The convictions of Susan and James McDougal and Jim Guy Tucker come as no surprise to those following the trial. The eccentric James McDougal had been prosecuted (but acquitted) on similar charges in 1989. David Hale, the chief witness for the prosecution, had been described by Small Business Administration officials as one of the most corrupt operators in the history of the Small Business Investment Corp. program. The real question is: what does this trial say about the president?

It says we must be careful of guilt by association. President Clinton was not even mentioned in the McDougal-Tucker indictment. Still, the alarmists argue that the guilty verdicts are a grave blow to the White House.
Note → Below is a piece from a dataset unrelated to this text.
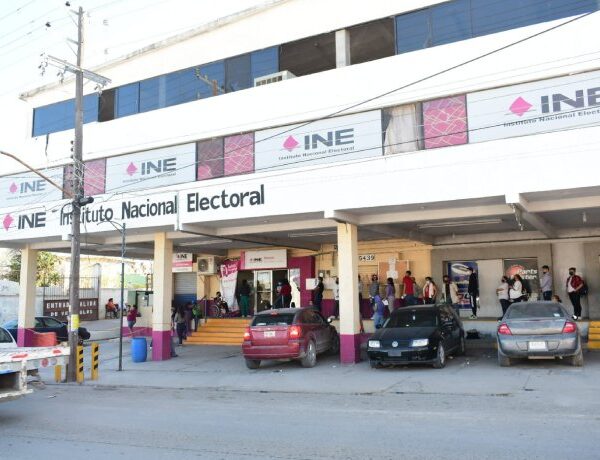 Laborará el INE sábado y domingo porque quedan 800 credenciales por entregar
Amid the sound and fury, we should remember first and foremost, as the prosecution made clear, the president’s conduct was not on trial.
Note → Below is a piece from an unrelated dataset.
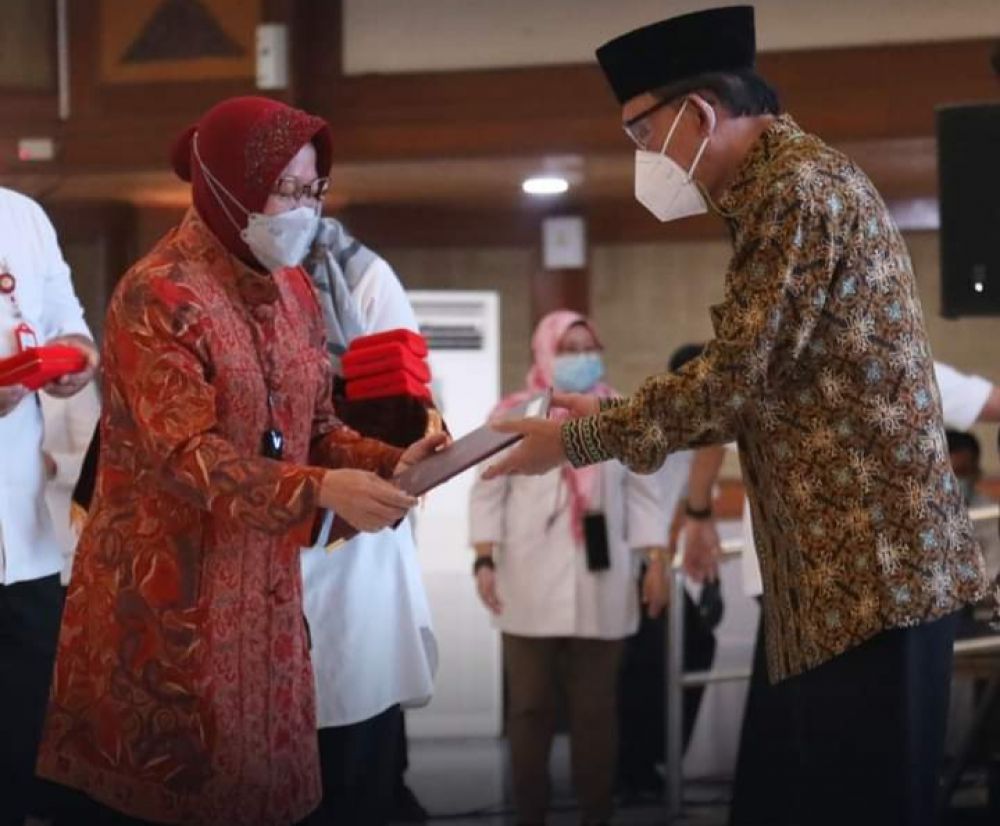Risma Beri Santunan Kepada Ahli Waris Kru KRI Nanggala 402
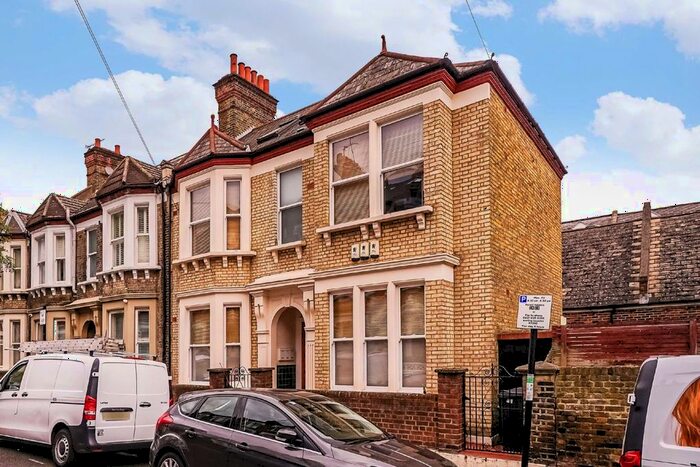 2 Bedroom Flat To Rent In Tremadoc Road, London, SW4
Indeed, Clinton’s appearance at the trial can be entirely laid at the feet of David Hale, who, according to jurors, embroidered his testimony to falsely accuse the president of pressuring Hale to make a loan – embroidery intended to give Hale room to plea-bargain with the independent counsel. In the words of juror Colin Capp, ““David Hale perjured himself . . . invok[ing] the president’s name for one reason: to save his butt. We all thought that way.’’ According to press reports, jurors did not question the president’s truthfulness when he forcefully denied Hale’s allegations.

The defense strategy was to pit the president against Hale, a convicted felon whose conflicting versions of events and association with right-wing anti-Clinton activists made him an easy target. The prosecution saw the trap in time to make clear that the president’s actions were not in question and there was no evidence that Hale was being pressured. After a painstaking review of a paper trail of more than 700 documents, the jury reached its verdicts. The resulting Chicken Little ““sky is falling’’ headlines were to be expected. Indeed, such overblown assertions have characterized Whitewater all along, and may explain the public’s skepticism about ““bombshell’’ revelations.
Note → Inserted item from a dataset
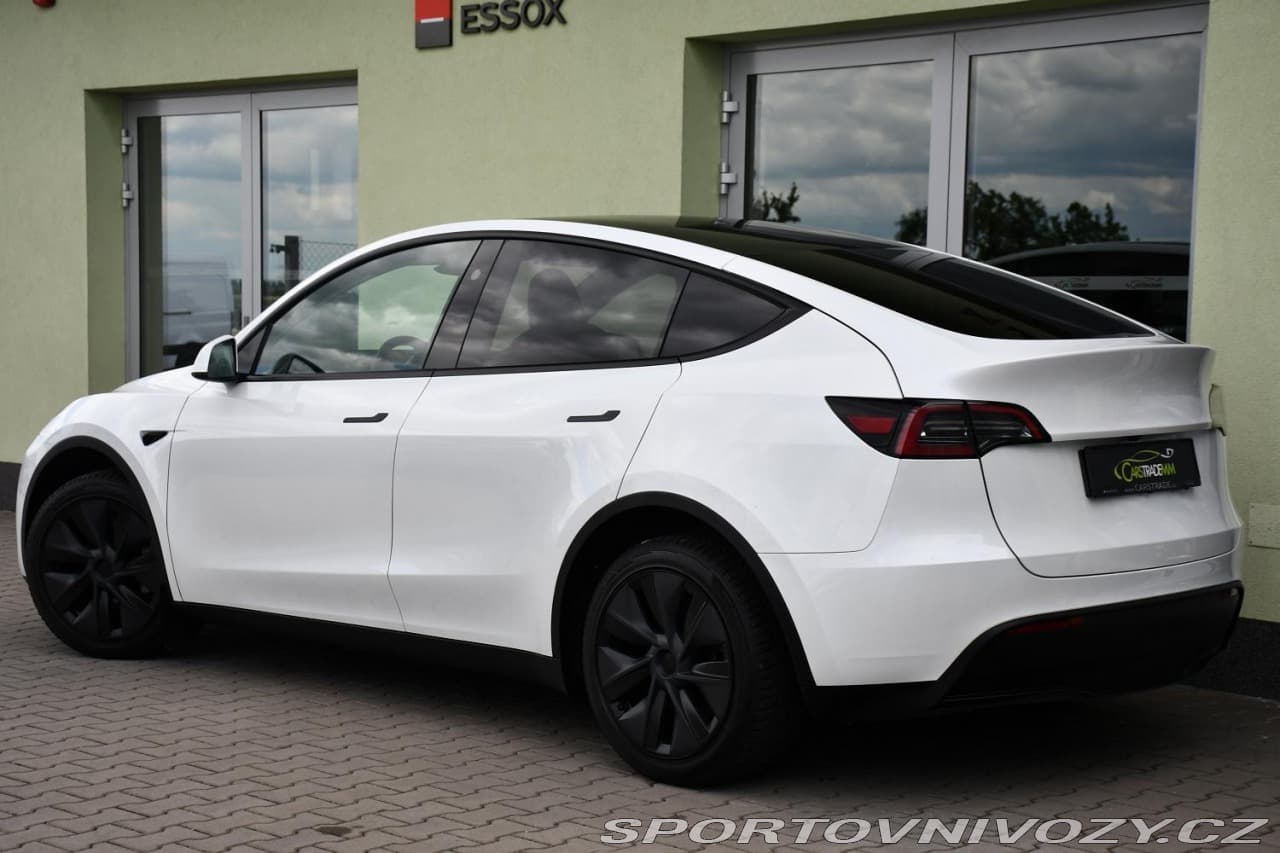 2024 Tesla MODEL Y - 3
Take, for example, the discovery of the Rose Law Firm billing records in the White House last January. Putting aside the anomaly of how they were found, some emphasis should be placed on the fact that they were produced. We need only compare the production of these records to the erased and missing tapes and deep-sixed evidence in Watergate, or the shredded documents during Iran-contra, to put the billing-records flap in a more appropriate context. Moreover, having reviewed these records of the Rose firm’s representation of Madison on a handful of legal matters a decade ago in stupefying detail, we can safely conclude that the documents are not the equivalent of the missing murder weapon in the O. J. Simpson trial. Rather, they confirm that Mrs. Clinton’s and her firm’s work for Madison was quite limited, and in no respect improper, a conclusion reached by the independent Pillsbury firm in its report to the Resolution Trust Corp.

The Senate Whitewater committee has now held more than 50 days of hearings on a wide range of subjects, from the search of Vincent Foster’s office to the leasing of office space by Arkansas state agencies in the mid-1980s. The American people should take comfort in the results: there has been no evidence of illegal or improper conduct by the president. Shortly, the Democratic minority will file its report – and you can be sure it will distinguish between hyperbole and fact.